永井豪も絶賛のイタリア版『鋼鉄ジーグ』とは? 水木一郎アニキのライブにも影響か!?

2017.03.11

映画『皆はこう呼んだ、鋼鉄ジーグ』公式サイトより。

 かつての名作マンガやアニメを原作に、実写映画としてリメイク――そんな企画から邦画ではここ数年、何本かのヒット作が生まれているが、かつて日本で大ヒットしたTVアニメをリメイクした実写映画がイタリアで制作され、日本でも上映が決まった注目作がある。『皆はこう呼んだ、鋼鉄ジーグ』(今年5月公開予定)だ。

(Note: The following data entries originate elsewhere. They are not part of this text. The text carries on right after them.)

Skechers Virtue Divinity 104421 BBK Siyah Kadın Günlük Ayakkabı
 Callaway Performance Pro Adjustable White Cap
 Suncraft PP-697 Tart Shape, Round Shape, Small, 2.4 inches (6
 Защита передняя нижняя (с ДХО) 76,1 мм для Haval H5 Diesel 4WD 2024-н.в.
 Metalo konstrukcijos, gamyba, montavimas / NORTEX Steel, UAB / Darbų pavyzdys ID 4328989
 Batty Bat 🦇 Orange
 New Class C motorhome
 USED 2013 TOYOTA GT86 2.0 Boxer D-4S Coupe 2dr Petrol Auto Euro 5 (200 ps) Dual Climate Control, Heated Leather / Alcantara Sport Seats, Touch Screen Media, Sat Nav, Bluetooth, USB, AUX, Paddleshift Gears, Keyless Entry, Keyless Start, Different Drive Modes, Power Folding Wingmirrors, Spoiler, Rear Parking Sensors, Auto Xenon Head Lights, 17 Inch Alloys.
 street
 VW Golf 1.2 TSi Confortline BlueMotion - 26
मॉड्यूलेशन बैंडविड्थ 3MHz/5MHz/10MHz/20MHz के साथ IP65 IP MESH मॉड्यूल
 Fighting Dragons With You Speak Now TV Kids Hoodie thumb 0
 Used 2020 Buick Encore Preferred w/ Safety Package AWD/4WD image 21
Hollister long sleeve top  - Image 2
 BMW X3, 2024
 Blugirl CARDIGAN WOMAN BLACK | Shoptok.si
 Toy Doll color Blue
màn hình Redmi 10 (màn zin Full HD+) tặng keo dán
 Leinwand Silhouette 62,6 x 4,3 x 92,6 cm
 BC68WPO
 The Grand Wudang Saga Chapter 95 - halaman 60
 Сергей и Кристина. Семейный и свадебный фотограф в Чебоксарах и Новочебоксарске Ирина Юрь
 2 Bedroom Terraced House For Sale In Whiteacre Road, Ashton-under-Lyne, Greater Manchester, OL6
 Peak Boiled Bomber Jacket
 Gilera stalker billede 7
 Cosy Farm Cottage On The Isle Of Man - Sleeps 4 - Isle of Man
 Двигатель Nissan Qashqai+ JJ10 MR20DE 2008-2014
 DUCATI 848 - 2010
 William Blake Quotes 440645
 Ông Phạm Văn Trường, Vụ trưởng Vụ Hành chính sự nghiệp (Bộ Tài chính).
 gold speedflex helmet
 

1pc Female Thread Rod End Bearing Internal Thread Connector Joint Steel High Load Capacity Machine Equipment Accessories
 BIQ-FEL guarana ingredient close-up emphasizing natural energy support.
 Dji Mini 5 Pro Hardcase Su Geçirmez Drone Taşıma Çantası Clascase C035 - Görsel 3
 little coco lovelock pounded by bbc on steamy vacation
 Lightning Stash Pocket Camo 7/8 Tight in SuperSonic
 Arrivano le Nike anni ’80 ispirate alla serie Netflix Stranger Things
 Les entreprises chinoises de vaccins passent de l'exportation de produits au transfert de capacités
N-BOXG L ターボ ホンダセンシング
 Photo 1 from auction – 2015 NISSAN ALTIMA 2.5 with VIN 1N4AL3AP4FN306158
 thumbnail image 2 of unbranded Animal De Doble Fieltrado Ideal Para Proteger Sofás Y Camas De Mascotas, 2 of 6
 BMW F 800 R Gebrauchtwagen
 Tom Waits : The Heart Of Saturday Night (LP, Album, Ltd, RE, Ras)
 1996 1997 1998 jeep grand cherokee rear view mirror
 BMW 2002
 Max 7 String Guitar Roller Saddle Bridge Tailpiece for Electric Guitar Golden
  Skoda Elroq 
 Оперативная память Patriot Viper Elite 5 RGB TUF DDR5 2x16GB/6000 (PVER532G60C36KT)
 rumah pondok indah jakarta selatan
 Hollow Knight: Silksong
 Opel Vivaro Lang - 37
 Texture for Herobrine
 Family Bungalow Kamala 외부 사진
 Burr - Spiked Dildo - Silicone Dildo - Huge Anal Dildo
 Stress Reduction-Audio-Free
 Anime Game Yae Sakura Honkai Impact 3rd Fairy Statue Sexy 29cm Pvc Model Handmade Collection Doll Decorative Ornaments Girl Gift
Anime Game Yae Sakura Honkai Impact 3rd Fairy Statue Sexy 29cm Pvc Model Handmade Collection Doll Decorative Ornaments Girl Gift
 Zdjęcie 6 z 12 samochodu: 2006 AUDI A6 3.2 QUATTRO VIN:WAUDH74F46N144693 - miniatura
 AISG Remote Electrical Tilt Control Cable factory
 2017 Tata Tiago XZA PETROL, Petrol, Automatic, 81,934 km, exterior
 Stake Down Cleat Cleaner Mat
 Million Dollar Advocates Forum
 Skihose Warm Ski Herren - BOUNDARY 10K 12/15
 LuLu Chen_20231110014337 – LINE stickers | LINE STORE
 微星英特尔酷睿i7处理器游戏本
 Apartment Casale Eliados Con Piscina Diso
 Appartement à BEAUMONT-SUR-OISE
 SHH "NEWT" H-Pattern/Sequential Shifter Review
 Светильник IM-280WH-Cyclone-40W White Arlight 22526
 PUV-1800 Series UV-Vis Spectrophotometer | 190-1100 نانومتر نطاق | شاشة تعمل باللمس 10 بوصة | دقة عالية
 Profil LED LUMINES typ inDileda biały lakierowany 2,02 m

 TVアニメ『鋼鉄ジーグ』といえば、1975年、巨匠・永井豪氏が生み出したロボットアニメ。当時、この作品がほかのロボットものと違った点といえば、主人公の司馬宙(しば・ひろし)がサイボーグ化され、自身が鋼鉄ジーグという巨大ロボットの頭部に変身、日本の支配をもくろむ邪魔大王国(じゃまだいおうこく)と戦うという、当時はまだ珍しかった合体巨大ロボット化ものであること。

 一方、時を経て海を渡ってやってきた映画『皆はこう呼んだ、鋼鉄ジーグ』といえば、2016年のイタリア映画祭で新人監督賞、プロデューサー賞、主演男優賞、主演女優賞、助演男優賞、助演女優賞、編集賞と7冠を獲得するという快挙を成し遂げ、日本でもニュースとなった。そんな本作の最速先行上映会が今月6日に開催され、日本でもお披露目されたというのだが、鑑賞したという40代男性が本作の出来についてこう話す。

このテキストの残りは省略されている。